Exciting new hope for youths President Emmerson Mnangagwa, Minister of Higher and Tertiary Education, Science and Technology Development Professor Amon Murwira (left) and Zicosu president Takudzwa Gambiza (right) and other executive members during his meeting with tertiary institutions students on Thursday. — Picture by John Manzongo
President Emmerson Mnangagwa, Minister of Higher and Tertiary Education, Science and Technology Development Professor Amon Murwira (left) and Zicosu president Takudzwa Gambiza (right) and other executive members during his meeting with tertiary institutions students on Thursday. — Picture by John Manzongo

President Emmerson Mnangagwa, Minister of Higher and Tertiary Education, Science and Technology Development Professor Amon Murwira (left) and Zicosu president Takudzwa Gambiza (right) and other executive members during his meeting with tertiary institutions students on Thursday. — Picture by John Manzongo

Perspective Stephen Mpofu
News this week about the roles played by Zimbabwe’s youths and engineers, respectively, in the development of the motherland must have left many patriotic Zimbabweans upbeat about our future.

In almost every African country, young people are often sedated with political rhetoric to the effect that they are the future of their country, meaning that the economic and social development of their country lies squarely on the shoulders of the youths.

In reality, however, youths have remained wallowing in the shade as political leaders fear being supplanted by those still enjoying the limelight of their cushy positions and attendant trappings.

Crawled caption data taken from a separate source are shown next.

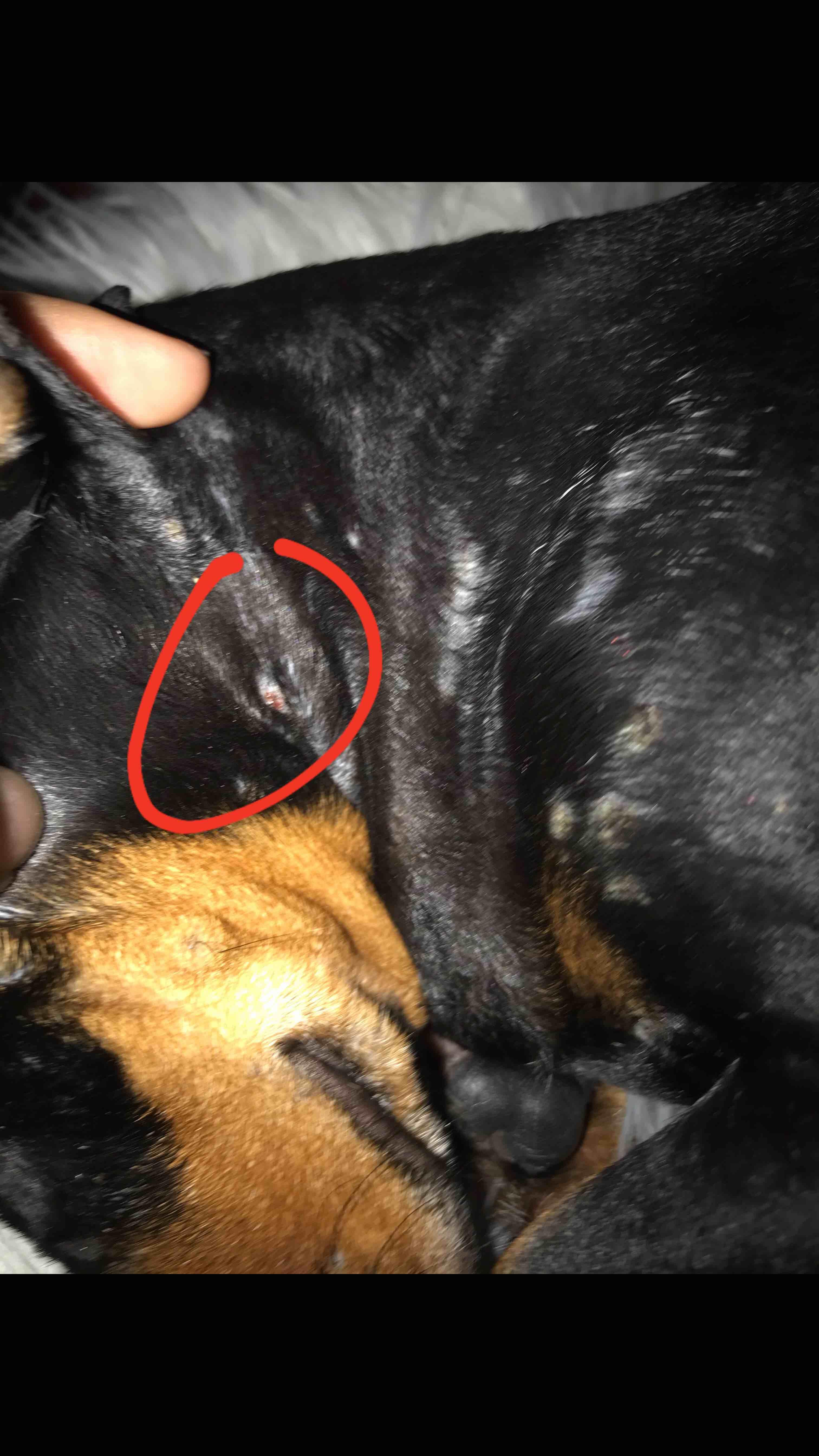 Question details sensitive content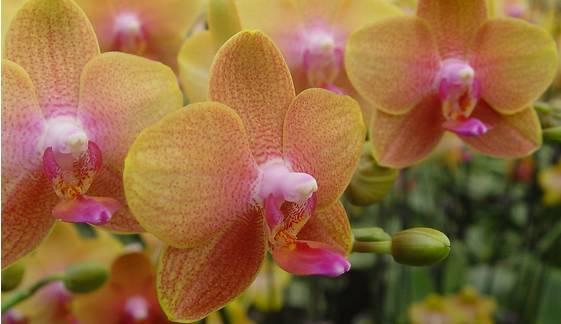 云南兰花名贵品种图片介绍,云南兰花老品种有哪些图片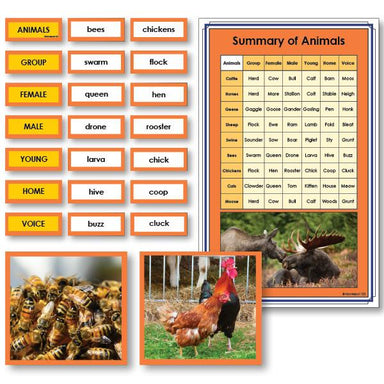 Language Arts-Vocabulary, Spelling & Editing - Summary Of Animals Vocabulary Sorting Cards With Photographs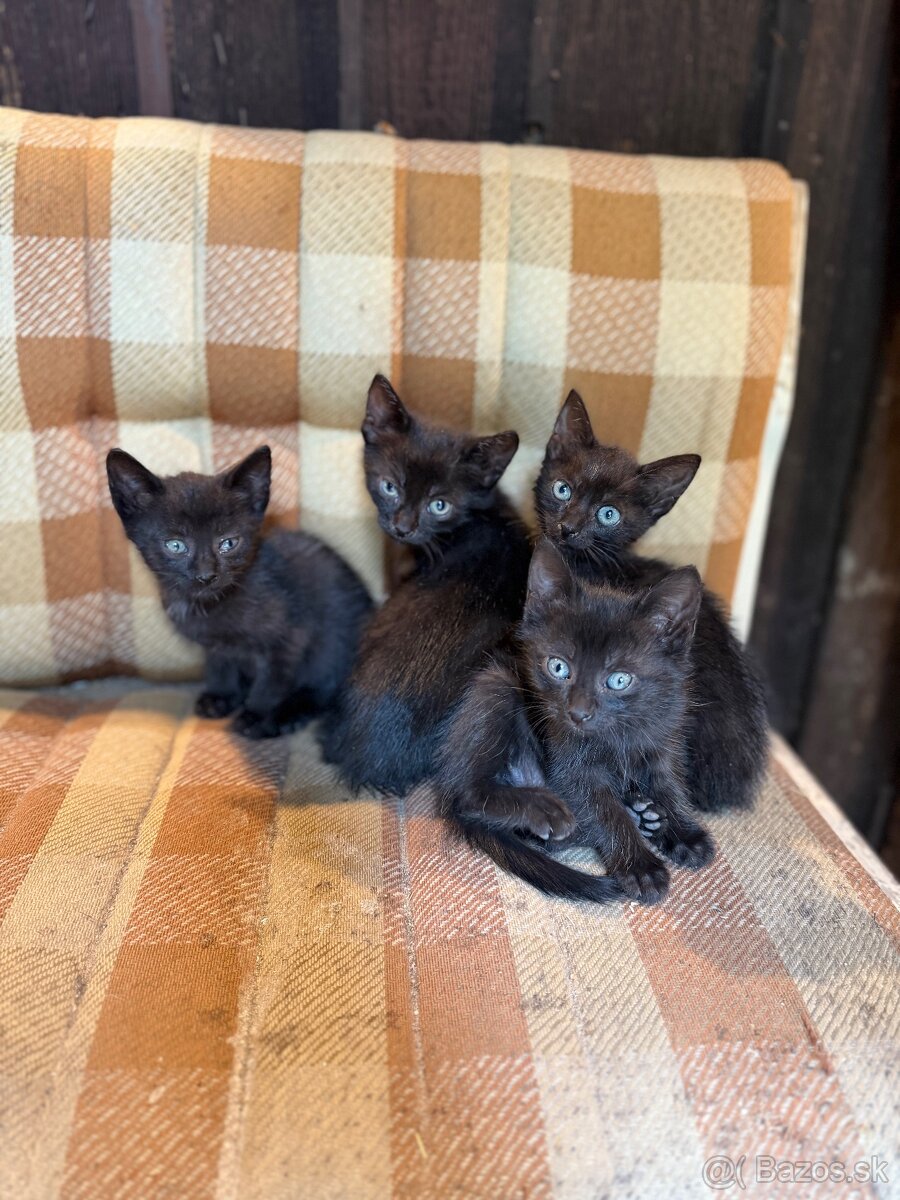 Maciatka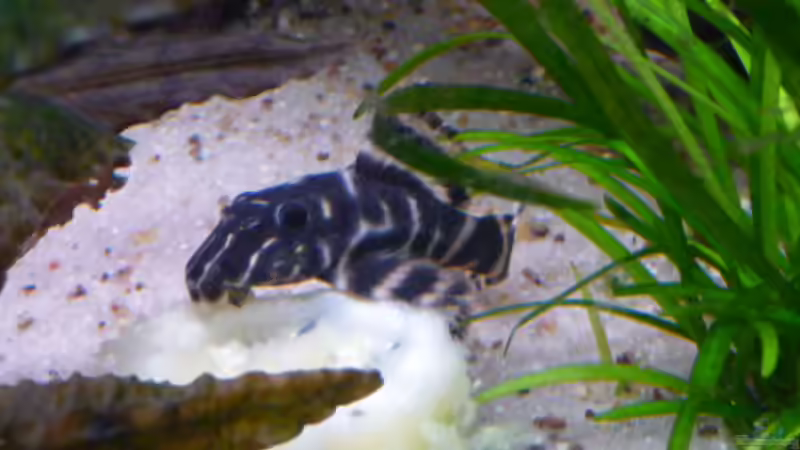 L204  Mixed-up (von mir so benannt) von Bavaria (16)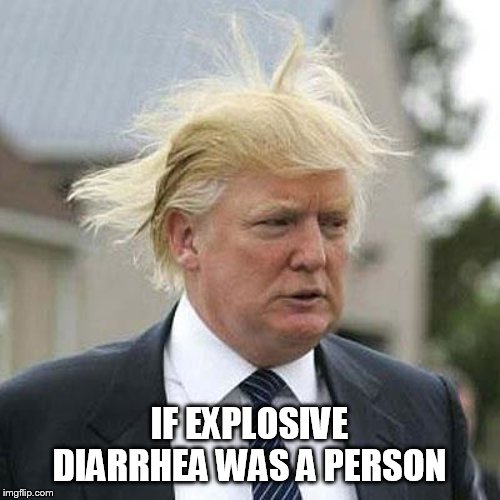 Donald Trump | IF EXPLOSIVE DIARRHEA WAS A PERSON | image tagged in donald trump | made w/ Imgflip meme maker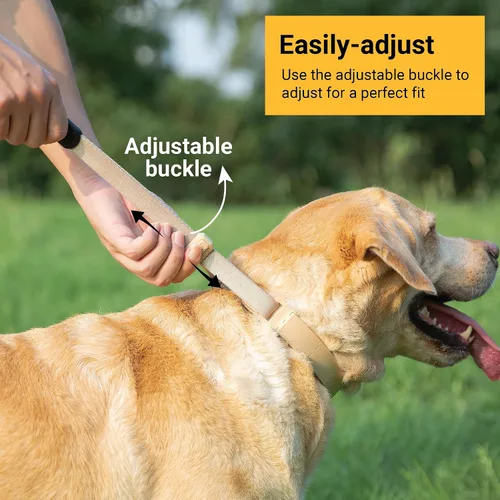 Miniatura 5 de SVD.PET Collar de punta para perro para entrenamiento sin tirones, hebilla de liberación rápida ajustable para perros pequeños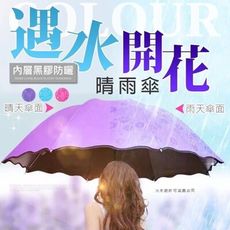 【遇水開花雨傘】折疊傘 遇水開花傘 晴花傘 魔術雨傘 晴天傘 雨傘 遇水開花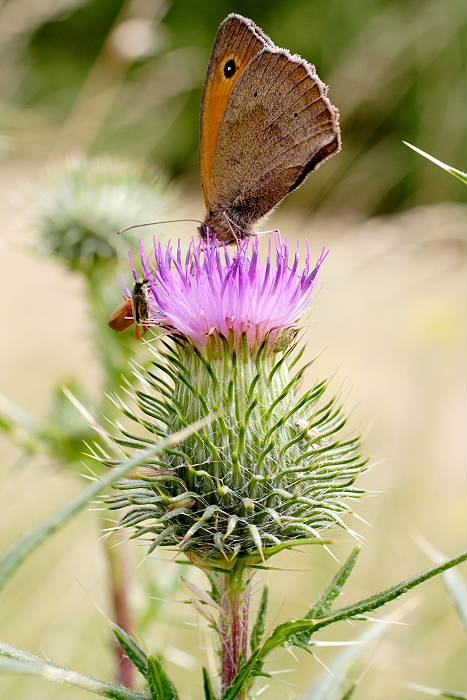 Lokation: Rösrath, Kupfersiefen Kategorien: Blüte, Schmetterlinge, Datum: 03.07.2005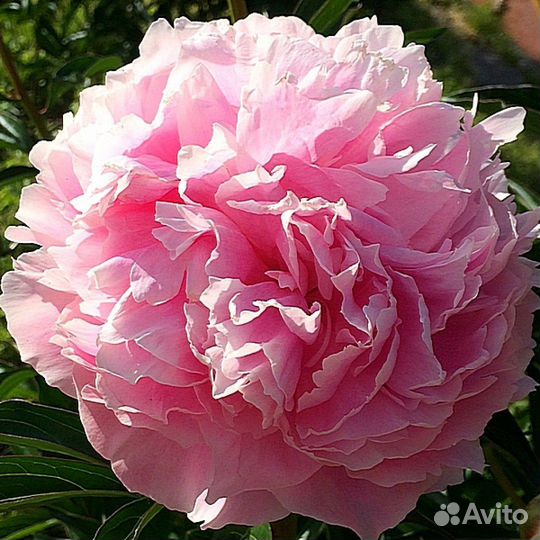 Пион Сара Бернар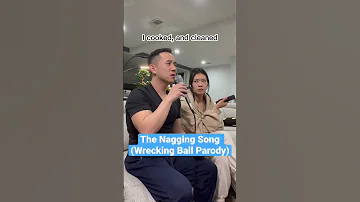 The Nagging Song - Wrecking Ball (Parody) @Luseeyalu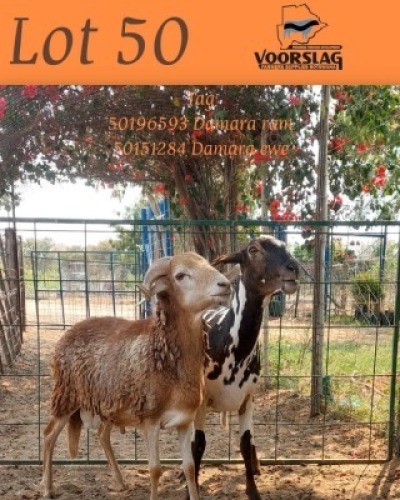 1 X Damara Ram Voorslag Farmers (Per animal to take the lot)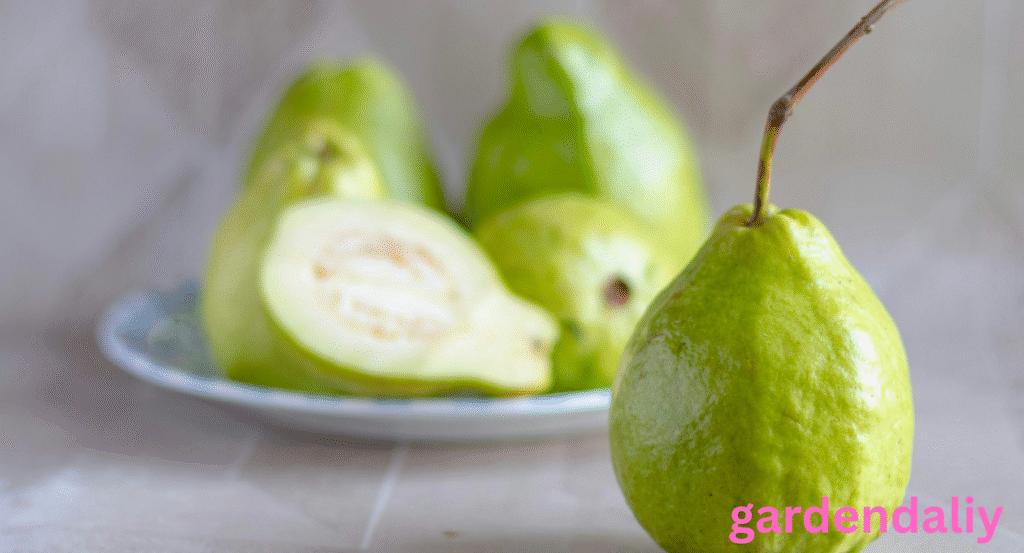 Fruits That Look Like Guava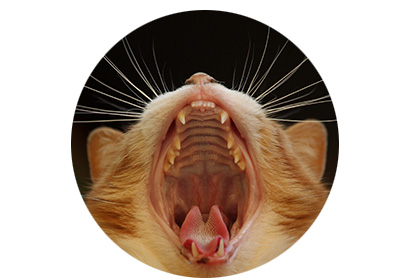 Katze mit Zahnstein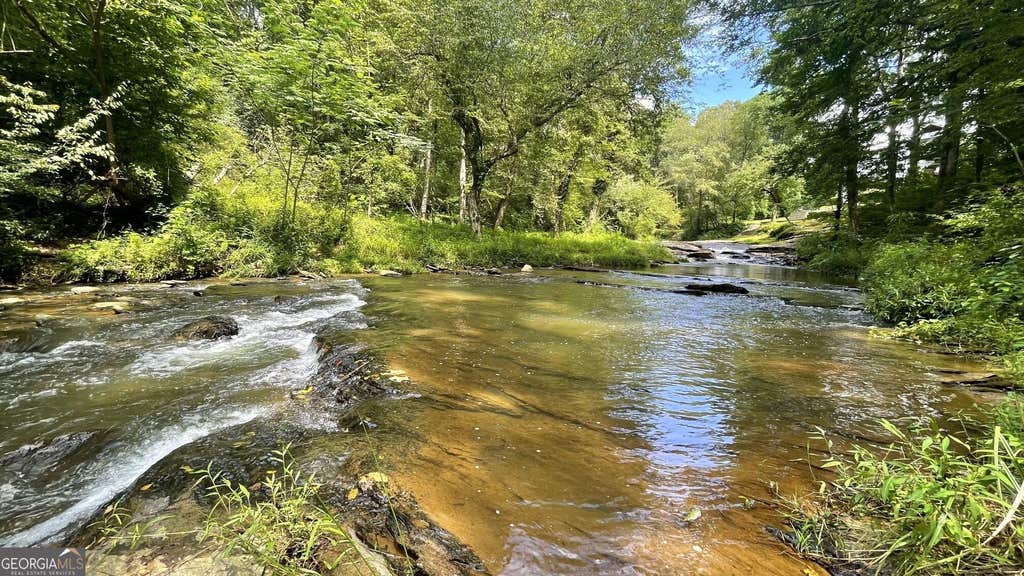 Photo of 156 Thundering Waters Drive, Cornelia, GA 30531 (MLS # 10818458)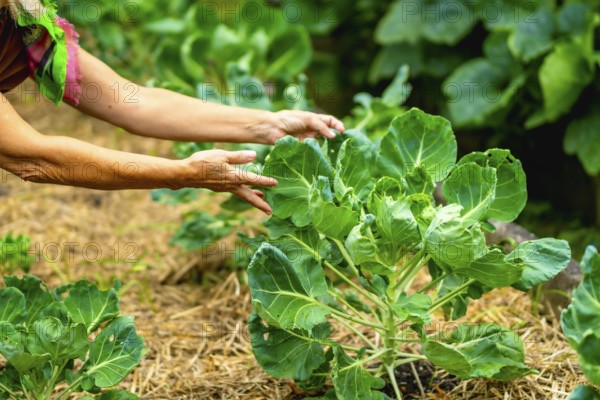 Woman hands caring for developing brussels sprouts plants in a sustainable garden setting, symbolizing organic farming, healthy eating, and nature connection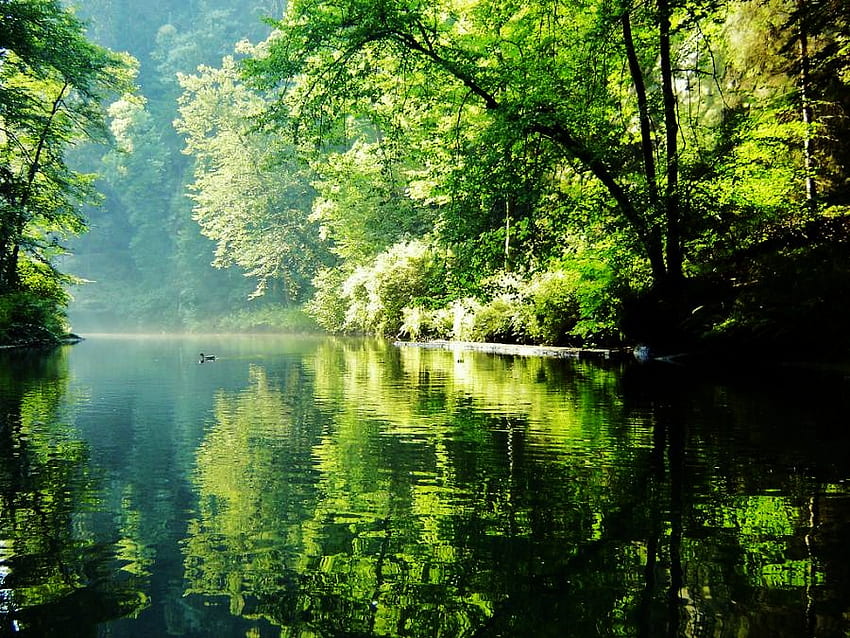 Tiempo tranquilo, mañana, pacífico, brumoso, árboles verdes, lago, pato nadando fondo de pantalla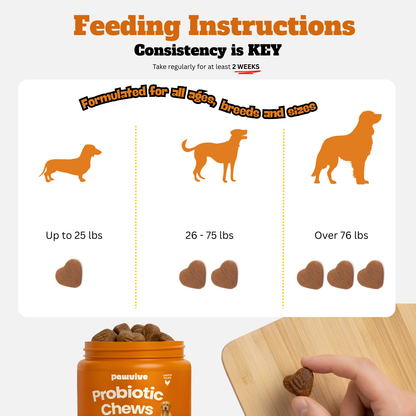 Probiotic Gut + Immunity Chewy Bites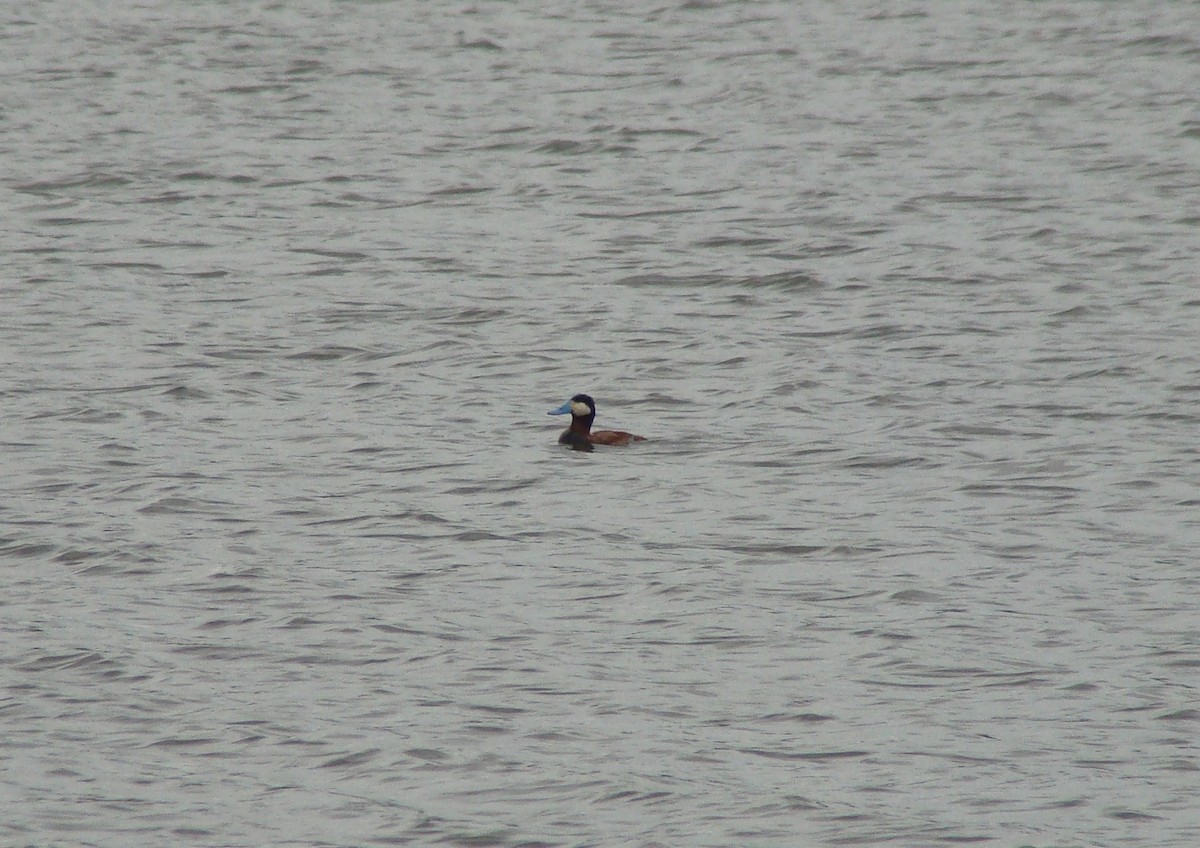 Ruddy Duck - ML414765231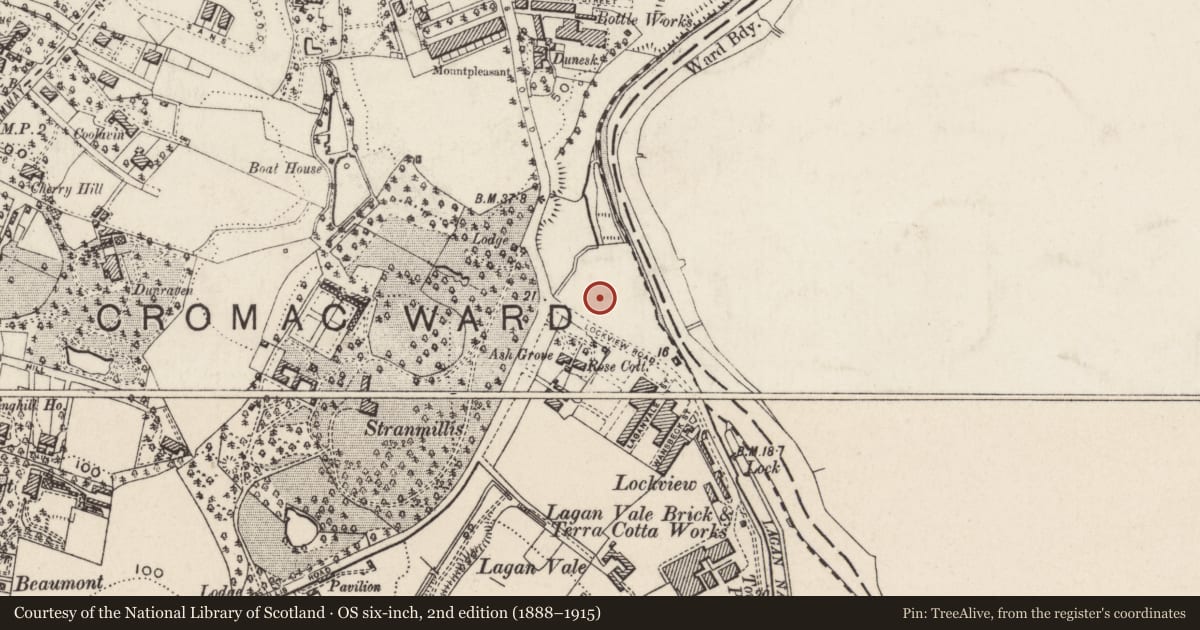 Ordnance Survey six-inch map, 2nd edition (1888–1915) covering the location of 50 Stranmillis Embankment, Belfast, with a pin at the register's coordinates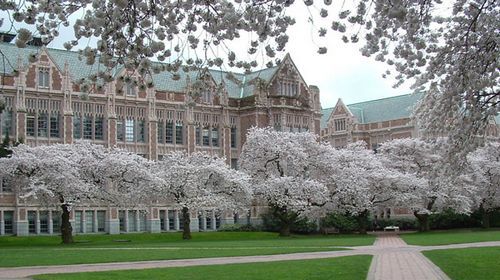 华盛顿大学西雅图分校会计本科申请条件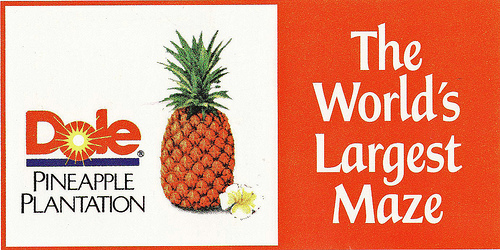 pineapple.4.jpg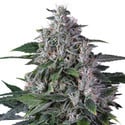 Karel's Haze (Super Sativa Seed Club) regolare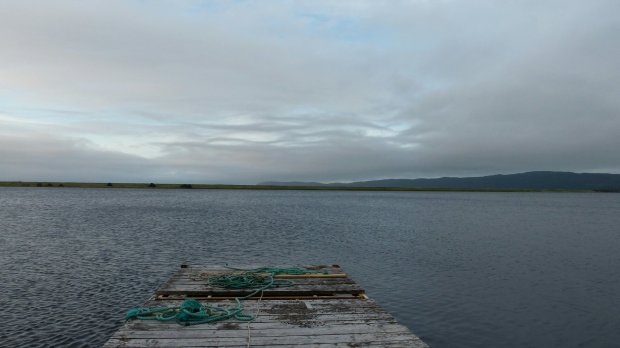 wp-image--1040036398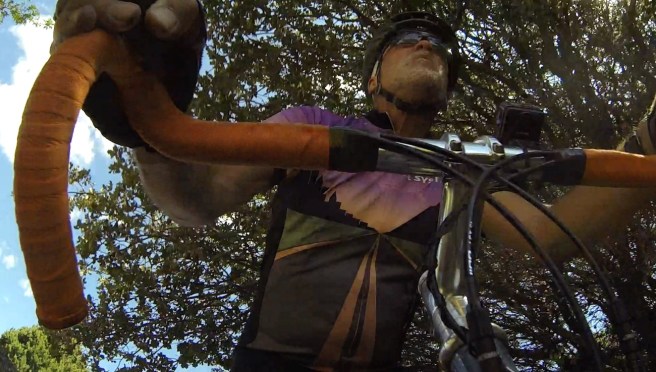 Can't see the forest for the trees.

Zimbabwe has not been an exception in sending young people to sleep, as it were, by telling them that they are the future leaders.

As a result young people flaunting high academic attainments as well as some skills have left the country for greener pastures in neighbouring states where some, if not most of them, have ended up holding down such mundane jobs as domestic workers or as gardeners.

But the launch of the Youth Empowerment Bank by President Mnangagwa two days ago certainly makes young Zimbabweans a force to be reckoned with.

The bank is intended to empower young people in the country’s development by finding various economic projects for them.

That is, in a sense the epitome of the new dispensation of President Mnangagwa’s government.

With money available to kick-start their own projects at home, it will be madness, so to speak, for any Zimbabwean to leave the country only to end up as unwanted seekers of plum jobs in foreign lands.

What the new wonderful opportunity opened for them means is that the young men and women should obtain or use skills already acquired to start and grow viable projects as the youths’ contributions to the growth of our economy.

Any involvement by the youths in political violence, for instance, at the behest of political organisations should be a thing of the past as should any engagement in various other social pathologies that have tainted the image of so many a youth in our county to date.

It now behoves on parents and leaders at various structures of society to help conscientise their offspring and charges, respectively, about the golden opportunity that the government is giving the youths and which should not slip out of their hands and minds so that our beloved Zimbabwe can move into a brave new future for all.

Next, and for want of better phraseology , it is a tragic irony that out of about 6 000 credited mechanical, architectural and scientific engineers only 1 500 remain at home today, according to the president of the Zimbabwe Institute of engineers, Engineer Israel Rwodzi.

What this suggests is that this country is a training ground for other countries to which Zimbabwean engineers flock, with the tax payers money, and a lot of it, spent on training them going down the drain, so to speak.

With foreign investors bringing in capital to help develop Zimbabwe, Engineer Rwodzi made a call to Zimbabwean professionals now squatting in foreign lands to return home and help develop the country by providing requisite infrastructure and other necessities for developing the country.

This should therefore be regarded by the absentee engineers as a call to duty for them to make a bee line back home to use their expertise in developing the motherland.

In a nutshell, therefore, the future of this country primarily rests on the shoulders of its citizens, young people and professionals among others who should work together and patriotically to raise the Zimbabwean flag high in the global village.